Without the proper services to deal effectively with street drinking many local people are being condemned ‘to an early death’ according to Hastings Borough Council (HBC) leader Peter Chowney
Street drinking he says has long been a problem in Hastings: “Earlier this year, large groups of street drinkers were congregating on the seafront and in other parts of town, although enforcement activities, coupled with an extension of Public Space Protection Orders, have dispersed them,” Mr Chowney says, however that doesn’t mean the problem has gone away.
“It has dispersed into smaller groups at different locations,” he explains.
“Street drinkers are a different problem from rough sleeping. Rough sleepers tend to be transient, moving on quickly, with the more persistent rough sleepers helped into accommodation. Over 90 per cent of rough sleepers in Hastings have no previous local connection.
“Street drinkers on the other hand tend to be local and not homeless. They have often lived here all their lives, or at least for some time. The life expectancy of street drinkers is not long, however, if they don’t receive treatment – average life expectancy of a persistent street drinker is under 50. So enforcement is only part of the problem,” says Mr Chowney.
…will mean condemning too many of our citizens to an early death.
He says that simply moving street drinkers around isn’t of much use which means there’s an escalating process of enforcement that introduces increasingly severe sanctions, with associated ‘encouragement’ to take up alcohol recovery treatment.

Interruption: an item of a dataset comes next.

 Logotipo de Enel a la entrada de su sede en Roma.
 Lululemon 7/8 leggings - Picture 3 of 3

“One of the big problems is that there are no residential alcohol recovery facilities in this area – the nearest one is in London,” he explains.
“There used to be two in East Sussex but both closed because their funding was cut. We also have no street drinking outreach service, no trained professional who engages with the street drinking community and encourages them to go into treatment,” he says.

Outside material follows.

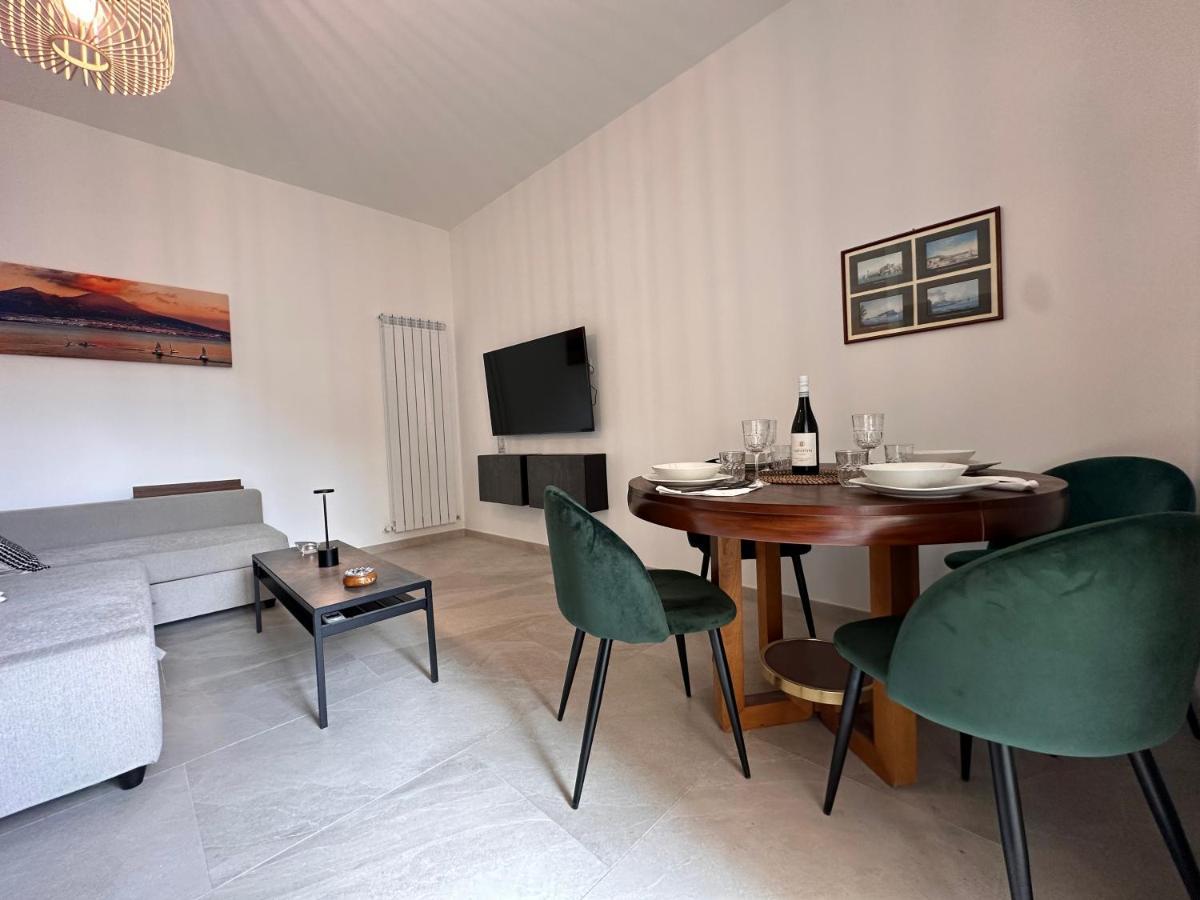 Appartement Clara Domus By Domusextra à Naples Extérieur photo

East Sussex County Council (ESCC) commissions local alcohol and drug recovery services and HBC has pointed out the need for an outreach worker in Hastings, but ESCC didn’t include that in the contract that they commissioned.
“Increased numbers of Police Community Support Officers (PCSOs) and a full complement of HBC street wardens will mean that more rigorous enforcement of street drinking restrictions – which mean that in the prescribed areas anyone has to stop drinking if told to do so by a police officer or street warden – will help. But without the services needed to get people into recovery programmes, it’s unlikely to be successful in the long term, and will mean condemning too many of our citizens to an early death,” Mr Chowney concludes
“We need these services, and will keep making the arguments to get them established locally,” he says.